Sample Research Paper on Ethical Dilemma


The paradox of ethics involves a situation that fixes an individual to decision making
amidst two imperatives of morality, all of which are possible (Walsh, 2015). Both of the two
options involved in decision making are logical, and each can be preferred to the other. The
complexity in this scenario comes in were choosing to decide to take one direction may end up
with a resolution that contravenes the other (Backholm, & Idås, 2015). This situation calls for
criticality in ensuring that the best of choice is made so as to exclude the chances of compromise.
Question 1: Have You Used One Of These Approaches to Resolving Conflict?
I have as a person been found in such a dilemmatic situation which called for criticality in
choice-making (Mendes et, al., 2016). The application of the approaches was needed. The
theories as well need to be keenly chosen and selected for a positive result. The situation was
such that it had two possible and perfect solutions. Out of the two, one would favor me but
compromise the other person while the other will benefit another group and not any of us directly
(Walsh, 2015).

Which Theory or Approach Have You Used?

I had to apply the value theory. In this case, I had to look at which decision would result
and materialize in higher positivity (Walsh, 2015). In this case, the choice with the most
positivity is taken, and the one with fewer advantages is considered evil and. I used this theory,
and the decision was commendably right as observed by its results later (Backholm, & Idås,

Question 2. Has There Ever Been a Time When You Have Experienced The Dilemma of
Having To Make a Choice That You Know Will Affect the Well-Being Of Another


Yes. I have been found in a situation that called for the dilemmatic decision making. I
had been selected as a leader of a group that I had given myself to sever well. The opportunity
came for gifting, and it came time to leave the leadership (Backholm, & Idås, 2015). I was
selected to help in packaging the token rewards. It was tempting to compromise my choice for
the gift. The situation was tricky because if I did not consider myself, then it is possible I would
have missed the award (Sarkar et, al., 2015). At the same time, owing to the fact that the gifts
were limited, I had to make a choice of who between us was to receive the rewards (Walsh,
2015). I knew if I did not choose to give it to myself, I would miss out. The fact of the matter is
that even in my viewpoint, the other fellows stood a better chance than I did to win the gift. So
compromising to give it to me would directly have an impact on the other individual suffer the
loss (Mendes et, al., 2016).

Have You Ever Experienced Moral Suffering?

The pursuit of man is generally focused unto morality and humanity at all ages. Though
this may not be the situation some times. I have suffered a moral experience (Sarkar et al., 2015).
I had paid me a book for a ticket for a flight (Backholm & Idås, 2015). Unfortunately, when I
was just at the gate of the airport to catch the plane, an expectant woman was with me to choose
for the one chance left, and because of morality, I decided to go her the opportunity. When I got
to the customer care desk to push my flight, I was told that the ticket had expired.

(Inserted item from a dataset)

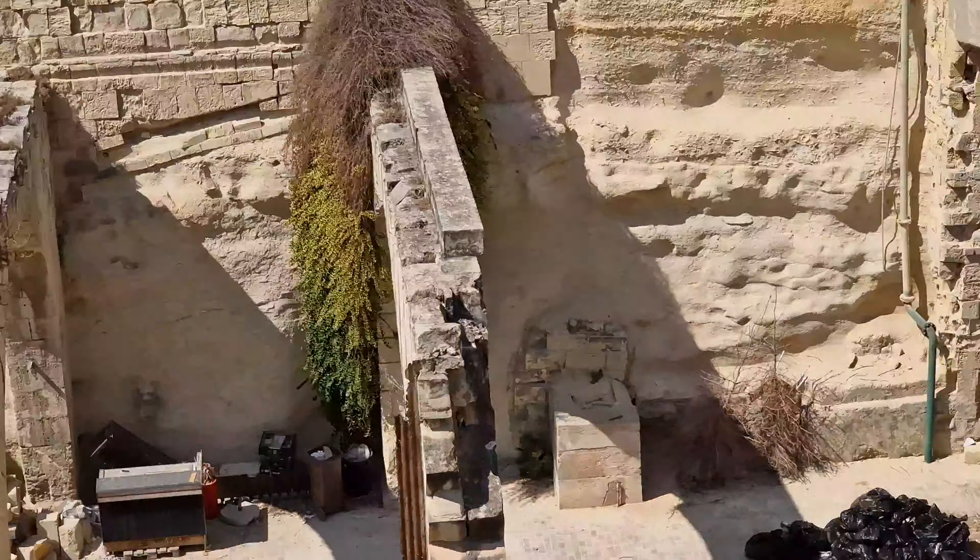There is a beautiful view here. I have zoomed in for you so that you can see further. Malta is a religious place where Christianity has a strong history. In every town, there are very old churches.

This was
suffering just because of the proper treatment to the woman, and I lost it all (Walsh, 2015).

It is possible, regardless of the position held by an individual, at one time along the way
of life, you may find yourself at compromising corners (Sarkar et, al., 2015). The principles that
individuals set to direct them may also need to bend such principles for the sake of mutuality
(Backholm, & Idås, 2015). Otherwise, sometimes, it is difficult to make choices more or so when
the alternative is to be made between critical issues. Critical analysis and sound judgment are
essential; therefore, in all situation of dilemma in decision making (Mendes et, al., 2016).



Backholm, K., & Idås, T. (2015). Ethical dilemmas, work‐related guilt, and posttraumatic stress
reactions of news journalists covering the terror attack in Norway in 2011. Journal of
Traumatic Stress, 28(2), 142-148.
Mendes, S. A., Nascimento, I. M., Abreu-Lima, I. M., & Almeida, L. S. (2016). A study of the
ethical dilemmas experienced by school psychologists in Portugal. Ethics &
Behavior, 26(5), 395-414.
Sarkar, M., Hill, D. M., & Parker, A. (2015). Reprint of: Working with religious and spiritual
athletes: Ethical considerations for sport psychologists. Psychology of Sport and
Exercise, 17, 48-55.
Walsh, R. T. (2015). Introduction to ethics in psychology: Historical and philosophical
grounding. Journal of theoretical and philosophical psychology, 35(2), 69.